I remember sitting in my older sister’s play classroom under the basement stairs. The lone 4-year-old pupil with a very determined 8-year-old sister who was going to teach me to read, and teach me she did.
She taught me to memorize every word in the first paragraph of “The Happy Hollisters” and, later, paraded me throughout the house and neighborhood so she could show off her prodigy.
Was I really reading? Probably not in the sense you and I might think of. Did I learn to fall in love with reading and books? Absolutely. I received attention and praise, and knew at age 4 that being able to read was important.
When I entered school and was “taught” to read, it was Dick and Jane who kept me company, and then multiple fictional characters to love in every anthology and library book presented to me.
Fast-forward to reading instruction 2014. So, you might wonder how teachers today teach children to fall in love with reading. Beginning in kindergarten, children are immersed in books; books they can read, books that can be read to them and books they cannot wait to grow into. Thankfully, Dick and Jane have been replaced by wonderfully imaginative characters like Clifford and Junie B. Jones, who allow us into their stories to think and imagine.
Today’s classroom libraries are also at least 50 percent full of informational texts with National Geographic-worthy photographs, which provide early readers the opportunities to think and ponder over the meaning of the text.

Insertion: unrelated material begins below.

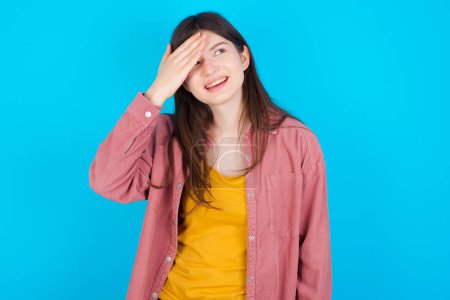 Photo for Young caucasian girl wearing pink shirt isolated over blue background touching forehead, hears something surprising, glad receive good news, feels relieved. Almost got in trouble. - Royalty Free Image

So, what is different these days in regards to beginning reading instruction and book choice?
When I began my teaching career, the old adage was “learn to read and then read to learn.” Children of today are learning to read and reading to learn simultaneously. Today, children practice and apply reading strategies to further their comprehension at the same time, and often before they can decode every word.
We teach and encourage children to think while they read; hence, the bygone days of Dick and Jane with their routine characters and story line.
It really is all about the thinking.
As students become proficient in reading, we invite them into what is called “close” reading or purposeful reading. Well, actually, it is rereading. It is a careful and purposeful “rereading” of a text. It is an encounter with the text in which students really focus on what the author had to say, what the author’s purpose was, what the words mean and what the structure of the text tells us.
When we have students really read carefully, they are prepared to answer more complex questions, have deeper dialogue, think about what the author said, and fall in love with the written word and the images evoked.
Donalyn Miller, author of “The Book Whisperer,” reminds us that, "Students deserve instruction that moves them forward as readers and thinkers, and values their unique experiences and needs."
Students do deserve purposeful instruction, and our teachers are up to the task. Every teacher today is a teacher of reading.
As our students become adults, they will read and write more than at any other time in human history. They will need advanced levels of literacy to navigate through the deluge of information they will find everywhere they turn. Literacy is no longer solely reading and writing, but rather the fuel to ignite our imaginations and create the world of the future.
In a multifaceted world, our children’s ability to read and think critically will be fundamental for their success, and it all begins with that first word.
— Valerie Livingston is principal of Mary A. White Elementary School in Grand Haven.